Unshaven and appearing morose during the hourlong meeting with his lawyer, Frankel didn't elaborate on who he thinks might pursue him.
Piplak suggested Frankel back up his concerns with a written statement for the judge.
But Piplak said Frankel--who has been described by other acquaintances as a pathological liar--is worried that people won't take him seriously.
"He's doubtful whether anybody will believe him," Piplak said.
Prosecutors have not yet received extradition papers from the United States, and Frankel is being held on a German charge for possessing a fake British passport.
Hamburg's Holstenglacis prison, where Frankel can expect to pass the months before his extradition case is decided, has a reputation as a tough place filled with drug suspects awaiting trial. Piplak said Frankel is receiving no special treatment despite his high profile.
Frankel has his own cell, with bath and toilet to accommodate an unspecified organ disorder that requires him to drink lots of water, his lawyer said. For now, he wears his own clothes--a blue shirt and khaki pants--and has requested kosher meals for religious reasons.
But the isolation of the cell has made Frankel feel alone in a country where he has no friends or family. Cynthia Allison, the 35-year-old woman who accompanied him in Germany who was also briefly arrested, then released, is nowhere to be found, Piplak said.
"He has no contacts, has no family," Piplak said.
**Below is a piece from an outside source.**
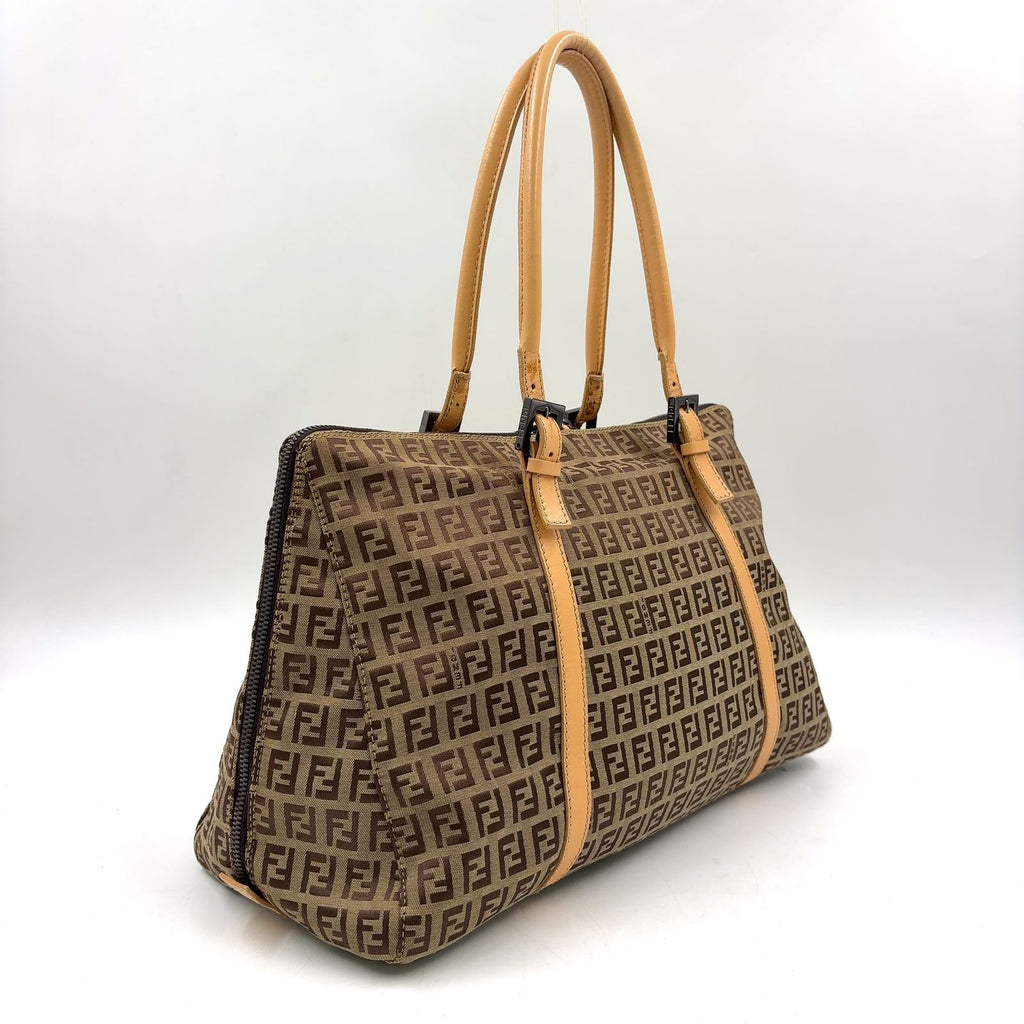 Fendi Zucchino Leather Canvas Brown Beige Handbag Black — view 2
Why Frankel chose to hide out in Germany remains unclear to his lawyer.
But even though fighting extradition would prolong his stay in prison in a foreign land, Frankel's fears appear to be outweighing his sense of isolation.
Piplak said it's not the criminal charges Frankel fears, it's his adversaries.
"He's not afraid to go back to the United States, he's afraid he won't be secure," Piplak said. "His main feeling is being frightened."